Input data ▸
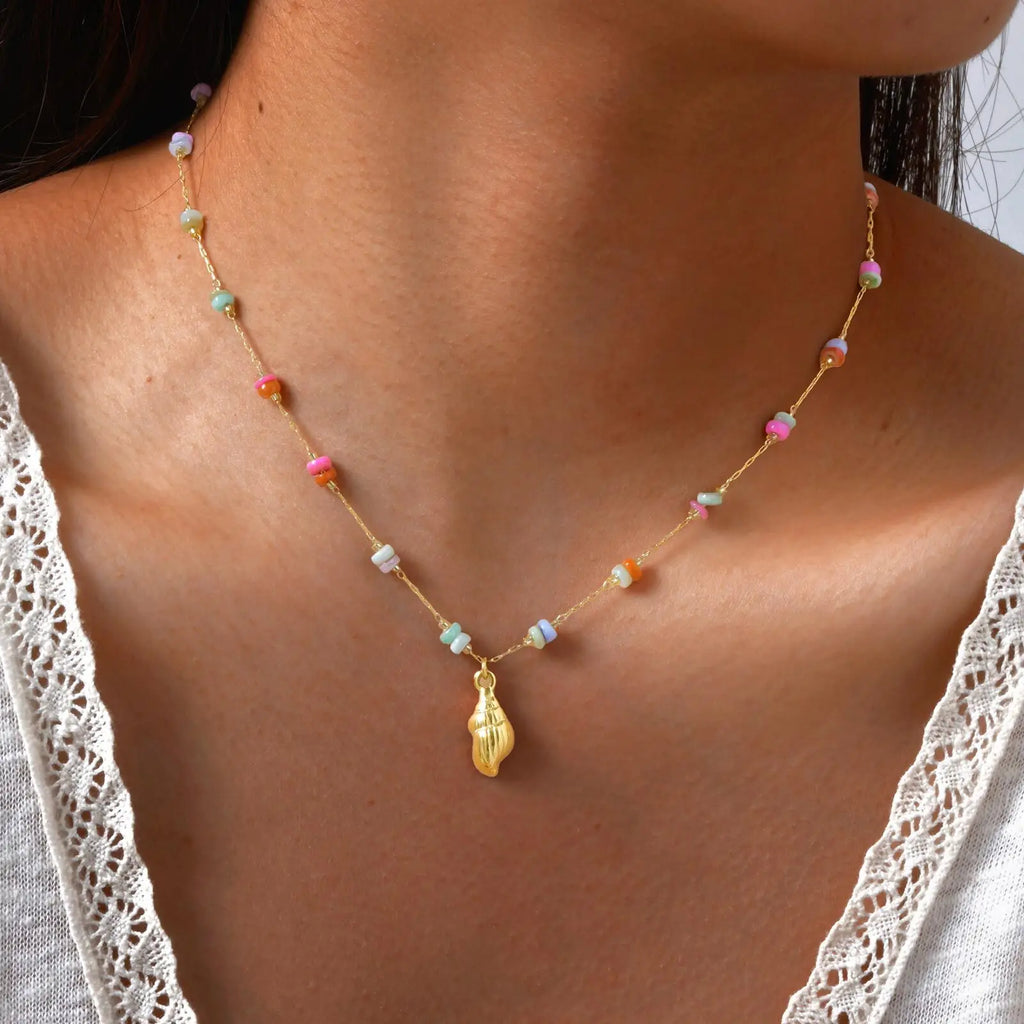 18k Gold Plated Pearl Shell Starfish Necklace | Summer Beach Jewelry for Women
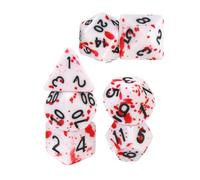 DIYEAH Dés Polyédriques pour Fêtes d'halloween Motif Éclaboussure de Sang Légers et Décoratifs Set de 7 en Acrylique et Jeux de Rôle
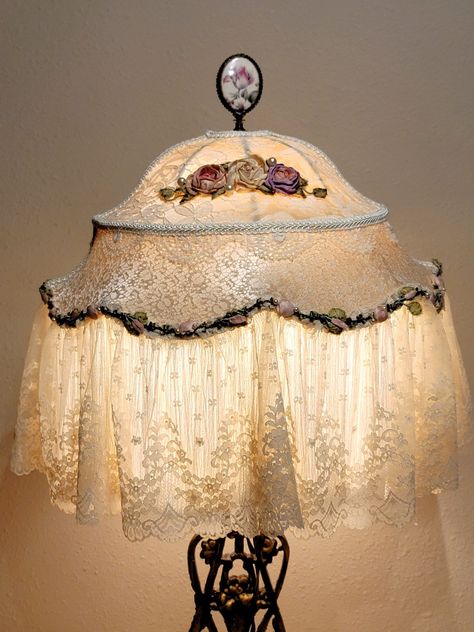 Antique Lace Lamp Shade - Handmade Lace Lamp, Vintage Lampshades, Classic Floor Lamps, Beaded Lampshade, Antique Lamp Shades, Beaded Lamps, Victorian Lamps, Victorian Lampshades, Antique Lamp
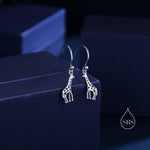 Giraffe Drop Hook Earrings in Sterling Silver, Silver or Gold or Rose Gold, Giraffe Dangle Earrings, Giraffe Drop Earrings
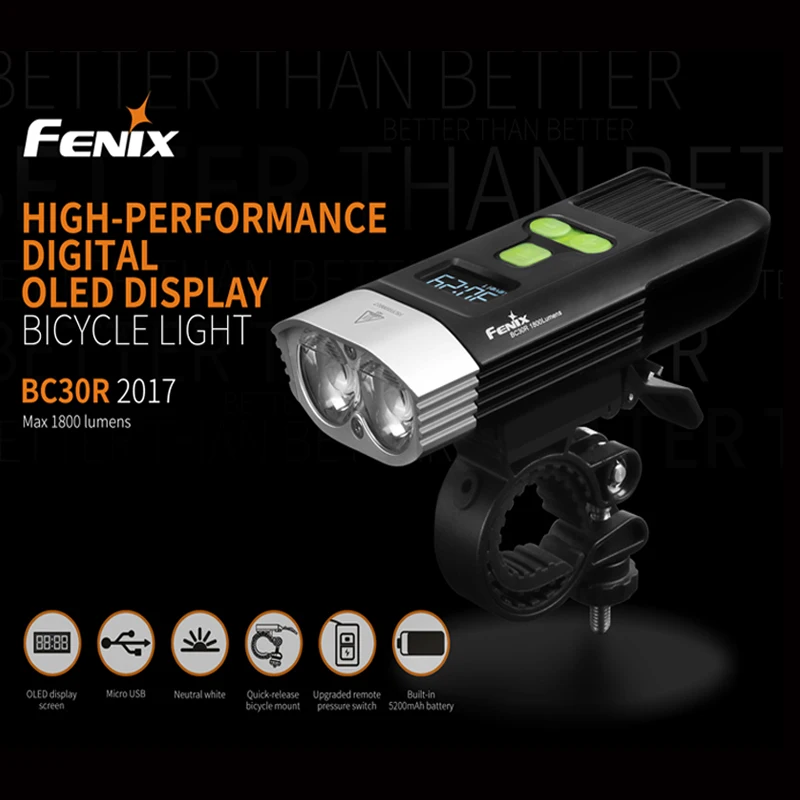 EXW цена Fenix BC30R высокопроизводительный цифровой oled-дисплей Micro USB Перезаряжаемый велосипедный передний свет с комплектами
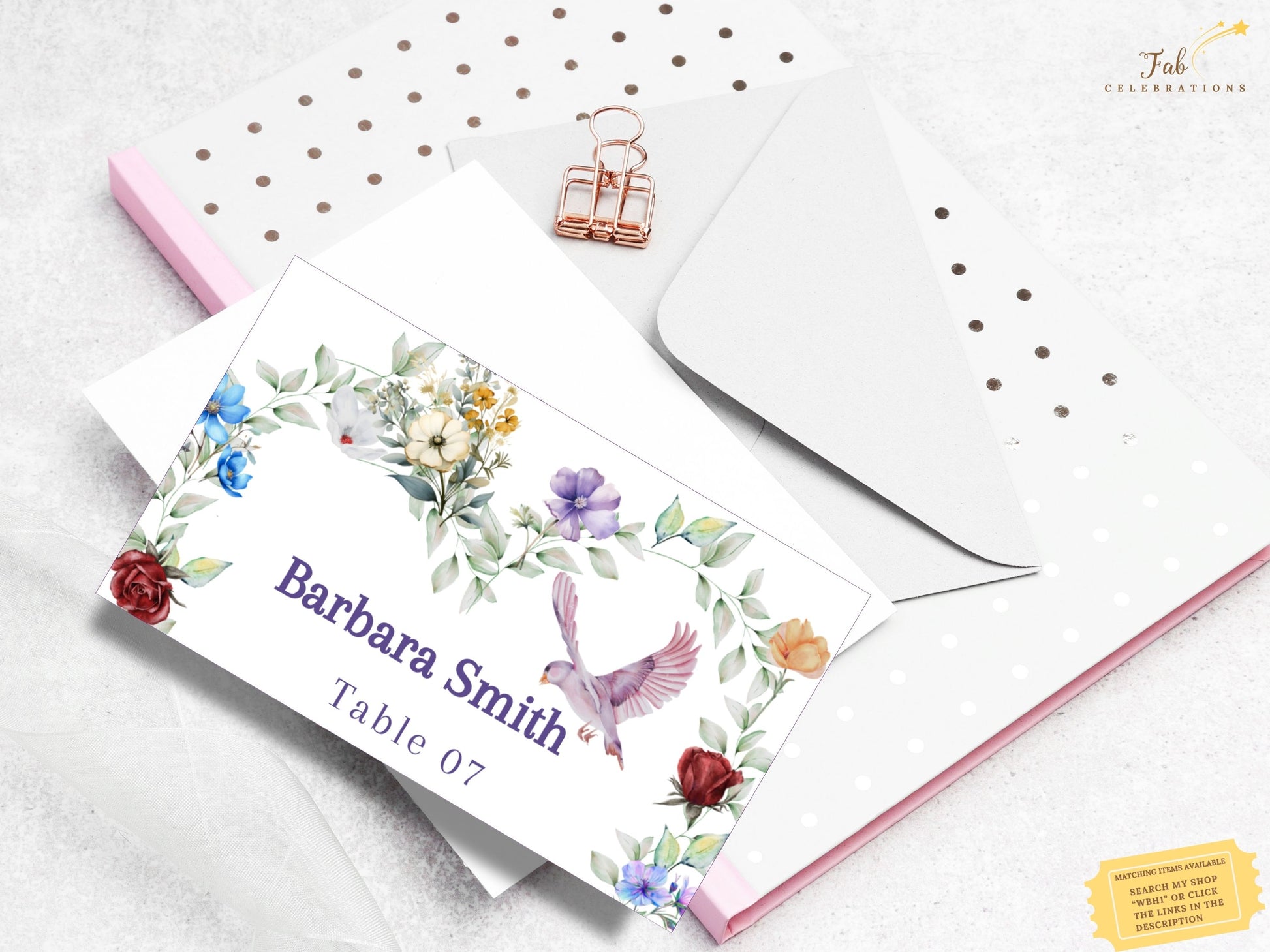 Boho watercolor wedding card editable Canva layout showing customizable names, fonts and colors, designed for DIY brides seeking rustic boho place cards.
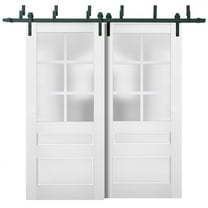 Sliding Closet Barn Bypass Doors with Frosted Glass | Veregio 7339 White Silk | Sturdy 6.6ft Rails Hardware Set | Wood Solid Bedroom Wardrobe Doors -60" x 96" (2* 30x96)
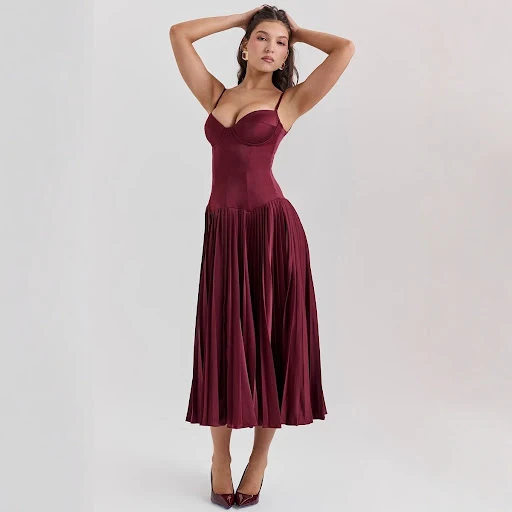 Title 6, Spaghetti Straps Sleeveless Slim-fit Pleated Dress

What you will do ▸ Restate word for word the lines running from the first line of the material to the line containing "DIYEAH Dés Polyédriques", inclusive, and drop every picture.

Task result ▸
 18k Gold Plated Pearl Shell Starfish Necklace | Summer Beach Jewelry for Women
 DIYEAH Dés Polyédriques pour Fêtes d'halloween Motif Éclaboussure de Sang Légers et Décoratifs Set de 7 en Acrylique et Jeux de Rôle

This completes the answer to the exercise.